Is Harper Breaking Another Promise in Atlantic Canada?

According to recent reports Prime Minister Stephen Harper, after weeks of waffling, has finally made the decision to remove Gordon O’Connor from his post as Minister of Defense. The move comes after many months of inaction, ineptness and inconsistency in the way O’Connor has handled the controversial Afghan mission.

There’s little doubt O’Connor needs to be fired from his portfolio but the move has people in Newfoundland and Labrador wondering what it will mean for Harper’s promise’s for CFB 5 Wing Goose Bay?

After 18 months in office the self described “new” conservative government still hasn’t made any move to live up to its promises for the base and as far as anyone can tell they don’t intend to.
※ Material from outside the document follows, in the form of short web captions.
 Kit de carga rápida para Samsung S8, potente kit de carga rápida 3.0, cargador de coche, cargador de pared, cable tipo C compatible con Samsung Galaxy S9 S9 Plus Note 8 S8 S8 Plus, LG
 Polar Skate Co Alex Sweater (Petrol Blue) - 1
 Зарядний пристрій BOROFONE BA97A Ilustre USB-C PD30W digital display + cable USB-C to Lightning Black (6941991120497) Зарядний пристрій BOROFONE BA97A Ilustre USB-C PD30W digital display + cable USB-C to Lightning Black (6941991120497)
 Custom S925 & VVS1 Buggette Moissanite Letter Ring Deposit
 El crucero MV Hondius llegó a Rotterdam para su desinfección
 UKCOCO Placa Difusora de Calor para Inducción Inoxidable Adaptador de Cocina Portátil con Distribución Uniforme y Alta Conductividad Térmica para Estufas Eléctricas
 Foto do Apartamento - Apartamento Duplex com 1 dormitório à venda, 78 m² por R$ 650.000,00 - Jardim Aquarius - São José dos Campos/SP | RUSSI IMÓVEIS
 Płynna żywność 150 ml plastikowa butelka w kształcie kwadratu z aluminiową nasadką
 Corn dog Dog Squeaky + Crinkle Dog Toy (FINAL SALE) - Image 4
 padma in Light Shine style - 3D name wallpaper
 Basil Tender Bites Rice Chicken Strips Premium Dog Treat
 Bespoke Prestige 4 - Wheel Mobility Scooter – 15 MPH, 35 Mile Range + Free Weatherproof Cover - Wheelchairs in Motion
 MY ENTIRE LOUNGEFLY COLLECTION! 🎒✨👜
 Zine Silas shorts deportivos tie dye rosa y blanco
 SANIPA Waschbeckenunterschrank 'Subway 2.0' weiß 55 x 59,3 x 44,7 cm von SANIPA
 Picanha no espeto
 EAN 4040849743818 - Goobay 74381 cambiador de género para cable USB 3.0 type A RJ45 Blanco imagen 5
O’Connor himself appeared cool to the idea in recent public statements.

During the last election Stephen Harper promised a new life for 5 Wing in the now infamous letter to Premier Danny Williams, the same letter that also promised to remove 100% of non-renewable resource revenue from equalization. At the time Harper promised a rapid reaction army battalion of 650 personnel along with a new long-range aerial squadron (UAV) for 5 Wing Goose Bay and a new territorial defense battalion for St. John’s to include 100 regular and 400 reserve personnel.

Today, just like the conservative’s promises over equalization, the Harper team is backing away from these commitments.

Recently Canada’s “New” government announced enhancements to CFB Baggotville Quebec including 550 new personnel and $300 million in new spending. At the time Minister O’Connor said the announcement marked a new era for the Air Force and that the announcement would help ensure the long-term life of CFB Bagotville. “Today’s announcement once again demonstrates this government’s commitment to further strengthening Canadian Forces units in Quebec, to make up for the previous government’s years of neglect,” said O’Connor.

The announcement, and statements made since then by both the Minister and by General Rick Hillier, have people wondering why nothing is being done to live up to their commitments in Labrador or to “make up for the previous government’s years of neglect” at the base there.

With thousands of miles of coastline and hundreds of miles of eastern Canada largely unprotected and dependent on forces staged further inland, the only possible reason for opting to increase the military presence in Quebec and not in Labrador is a political one. Simply put, Quebec has more voters and more federal ridings. In a nutshell, votes trump security.

According to a recent article by Rob Antle of the St. John’s Telegram, General Rick Hillier appeared to have confirmed the province’s worst fears recently when he said, “We’re not in the business of creating new units. We have sufficient units.”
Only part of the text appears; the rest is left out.